Our model and the baseline [9] have been trained using the training data in BDD100K and the evaluation has been carried out with the validation data. Since only the object to be generated is under consideration, vehicles detected outside the generated region are ignored. Therefore, we only evaluate the recall of SSD, which is the ratio of whether the detector finds the generated object or not. In the dataset, there are a total of 6,020 vehicles to recall that satisfy our size constraints. Since the detector is trained using PascalVOC dataset [4], it is fair enough to compare the baseline and our method applied to BDD100K dataset.

Table 1 shows the recall scores of SSD on BDD dataset.

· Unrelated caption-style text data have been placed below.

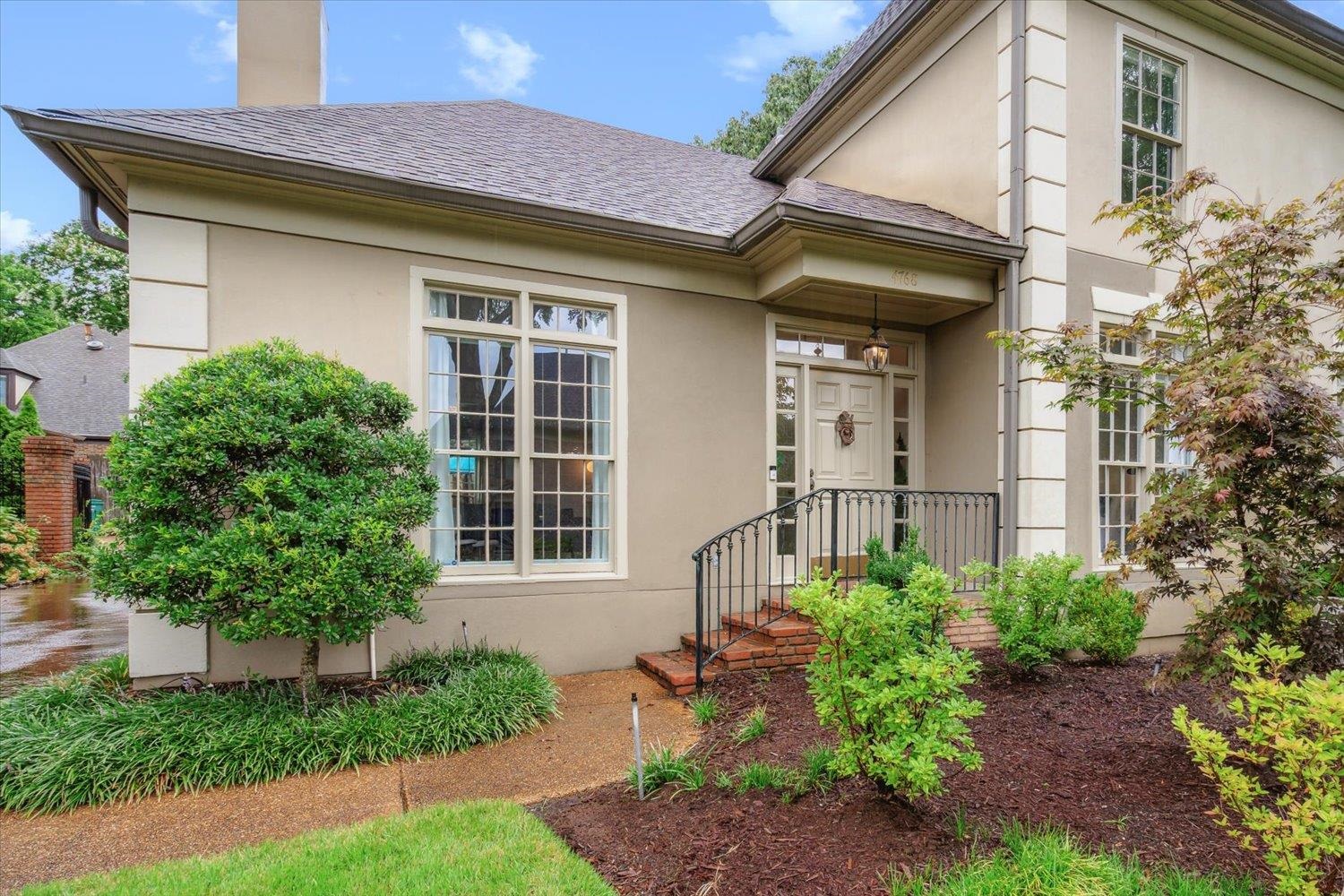 Memphis, Tennessee 38117, United States, 3 Bedrooms Bedrooms, ,3 BathroomsBathrooms,Residential,Pending,51734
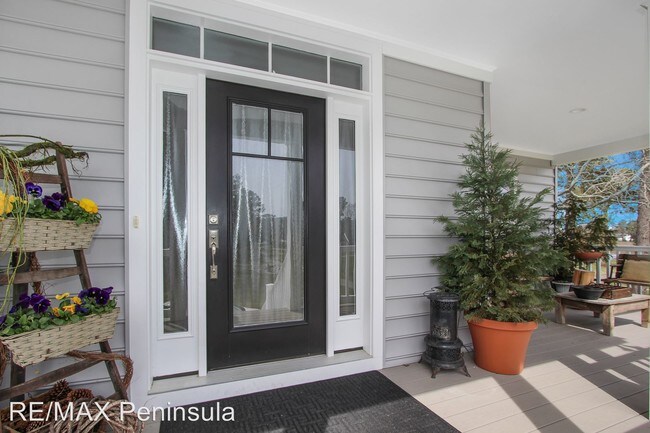 Building Photo - 3 br, 3.5 bath House - 833 Poquoson Ave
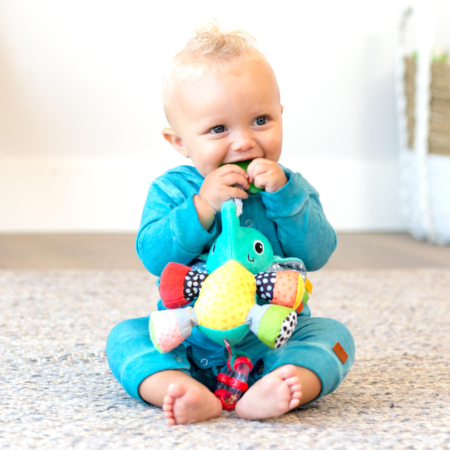 INFANTINO Игрушка навесная мягкая с прорезывателем *Слоненок* - Зображення 2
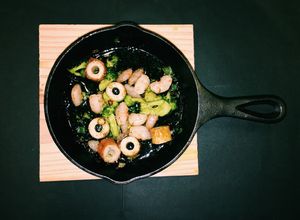スキレットで海老とちくわのアヒージョ-レシピのメイン写真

For the original BDD images, SSD detects vehicles in the box area at a rate of 78.59% using the confidence threshold of 0.3 and 87.42% using the confidence threshold of 0.12 as shown in Table 1. In both class confidence score thresholds, our method highly precedes the baseline by about 10% points. Additionally, we analyze the detection result of which the threshold is 0.12. Samples, which our method successfully makes the detector perceive as vehicles while the baseline fails to, occupy 17.24% while the opposite case records 7.47%. One example of this case is shown in the top row of Fig. 5. Meanwhile, though both methods successfully deceive the detector in many cases, quite a lot of samples generated by the baseline suffer from a qualitatively poor performance. This case is presented in the bottom row of Fig. 5. Considering that some ambiguous results from the baseline are occasionally detected by the detector, we expect that the performance of our method would be rated higher if evaluated by a qualitative metric.

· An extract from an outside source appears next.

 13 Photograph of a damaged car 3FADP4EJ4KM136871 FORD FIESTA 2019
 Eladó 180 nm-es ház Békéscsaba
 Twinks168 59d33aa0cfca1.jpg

4.5 Measuring Generation Quality

Frechet inception distance (FID) score [7] is a measure frequently used to evaluate the generation quality of generative models. Using a pre-trained Inception-V3, FID compares the statistics of generated images to the real ones.

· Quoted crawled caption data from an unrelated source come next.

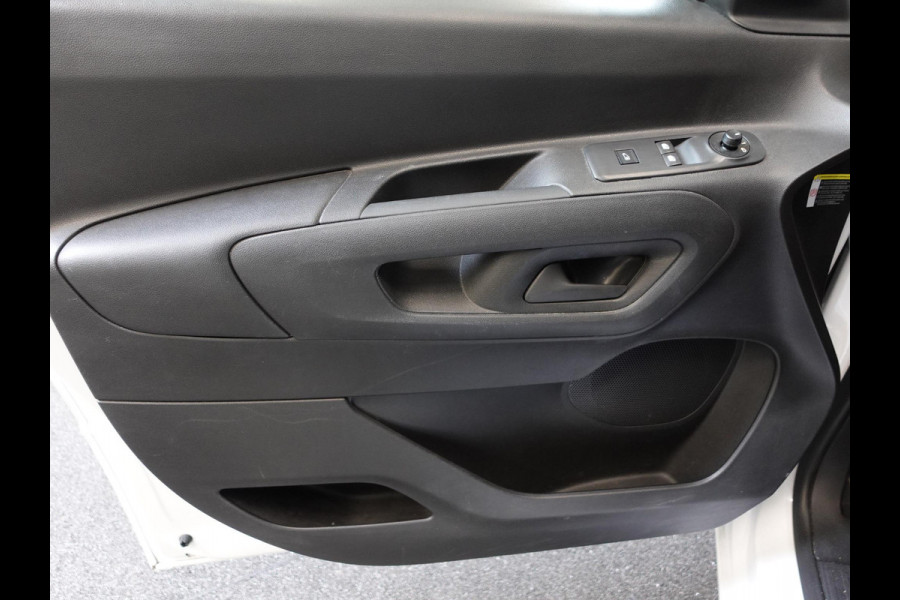 Opel Combo 102pk L1H1 Navi Apple Carplay/Android Auto Trekhaak Cruise Control Airco Parkeersensoren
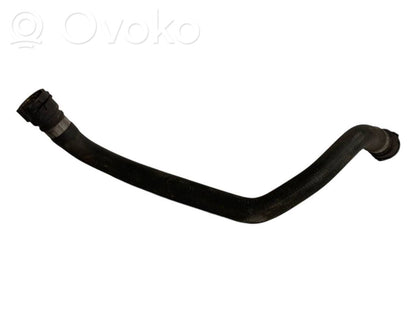 Caurulīte (-es) / šļūtene (-es)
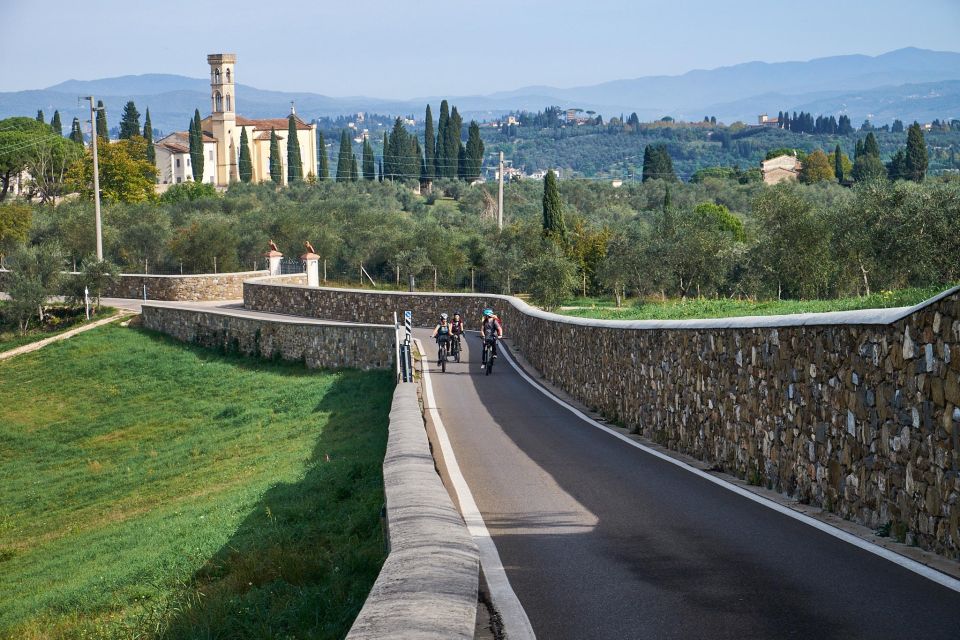 E-Bike Chianti Classico and Tuscany Tour With Lunch at Farm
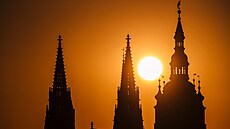 Slunce vychází za katedrálou Sv. Víta na Praském hrad. (18. ervence 2022)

In Table 2, we assess the quality of images generated by each method. Images from [9] roughly have the appearance of vehicles but record the worst FID score. This attributes to the abstractly depicted context of each vehicle. The work of Liu et al. shows an intermediate level of FID score. Though the silhouette of the generated sample resembles the vehicle, the texture inside is rather a noise which causes an increase in the FID score. Our method has the lowest FID score, which means that our method generates samples that have the most similar distribution to that of real samples.

5 Discussion

The object detection dataset includes annotations indicating the location where the car exists, not where the car may be. This enforces us to give the model a box at a reasonable position manually. Although the most important merit of our method is that we only use a box annotation to generate a vehicle, the necessity of giving a box candidate still remains. For example, with a box given upon a building, the model would still try to generate a car even if it is nonsense. With a highly predictive scene understanding model that can suggest the location where the vehicle may be, we expect a fully automated vehicle image augmentation would be possible. Also, wide boxes, which correspond to the cars near the camera, usually fail to be filled, which is the drawback of the image completion models. A portion of the car may lie outside the camera angle and this will go against the overall aspect of trained objects. Some of the failure examples are given in Fig. 6.

Fig. 6.
figure 6

Failure cases. On the first row lie some single channel outputs of Snet and on the second row lie the corresponding 3-channel outputs of Tnet.

6 Conclusion

We tackled a problem to generate vehicles at designated locations over images of real scenes. To solve this problem, we used an architecture composed of two subnetworks which generate the shape and the texture of the vehicle respectively. The Snet roughly completes the shape of the car according to the surroundings while the Tnet decides the details of the generated vehicle resulting in a better generating performance. Consequently, our method can generate objects going well with the surroundings in arbitrary locations. This is highly expected to be foundation research for image augmentation research.